Either the spreading of the Mtb was local or there were some socioeconomic factors that hinder the transmission between the hot and cold spot areas. Our previous studies on the ecology of tuberculosis suggested that there is a negative correlation between average sunshine time and reported incidence of tuberculosis . Therefore, there may be some interaction between natural factors and strain pathogenicity. This requires further exploration.

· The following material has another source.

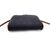DIOR Borsa a Tracolla Vintage in Tela Col. Grigio - S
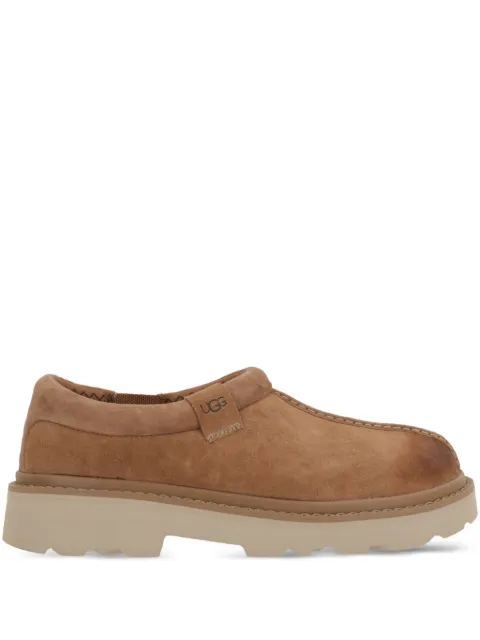 UGG Tasman loafers Brown 1166913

Meanwhile, sub-lineage 2.1 (Protobeijing strain), a special subgroup related to drug resistance, is mainly concentrated in hot spots. Since it has been reported that the virulence and drug resistance of Beijing gene strain is greater than other strains [41, 34, 42], we can infer that the prevalence of this strain in hot spots is one of the important reasons for its higher TB epidemic than cold spots.
The limitation of this study is that the sputum isolates were collected mainly from passively detected cases in the public hospital. This may have contributed to the fact that some specimens of the TB cases treated in private practice were not included during the study period, which caused the bias to some extent. However, as TB case management strategies become more widely publicized under the national TB control programme, this impact should diminish [43, 44]. The estimated inclusion rate were over 90%.